**What to do**
Exact copies of all the lines below are needed, without the pictures.
Data below section start
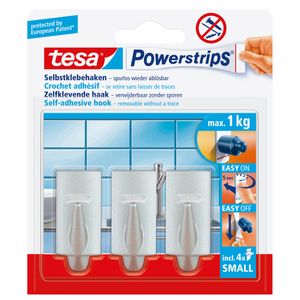 tesa POWERSTRIPS® Zelfklevende haak Small Trend Chroom (mat) Inhoud: 3 stuk(s)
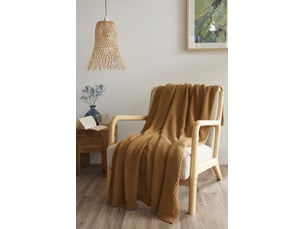 Plaid 125 x 150 cm polyester tricot uni olympia camel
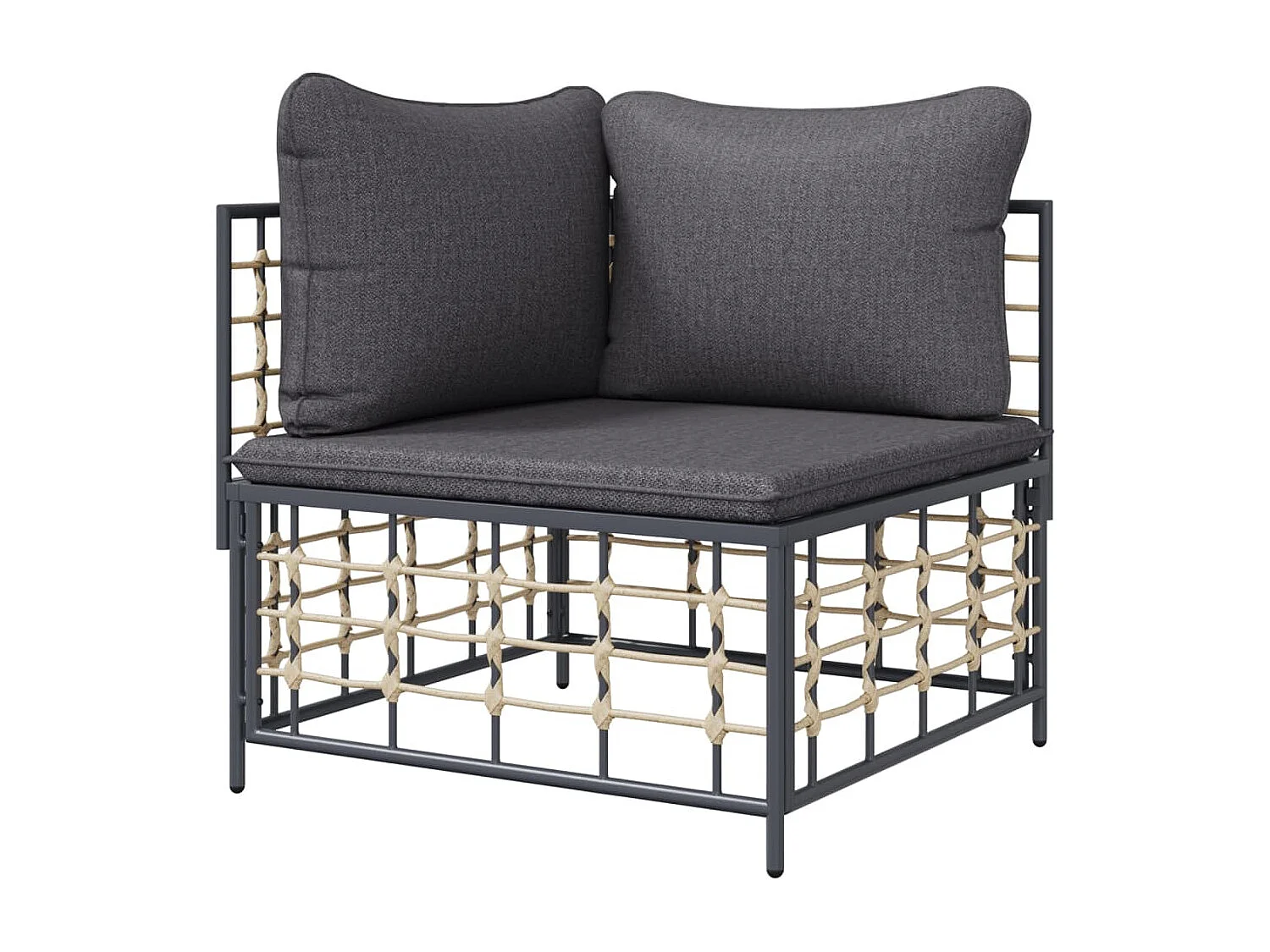 Canapé d'angle de jardin avec coussin gris foncé résine tressée FR35247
Data below section end
**Problem solution**
 tesa POWERSTRIPS® Zelfklevende haak Small Trend Chroom (mat) Inhoud: 3 stuk(s)
 Plaid 125 x 150 cm polyester tricot uni olympia camel
 Canapé d'angle de jardin avec coussin gris foncé résine tressée FR35247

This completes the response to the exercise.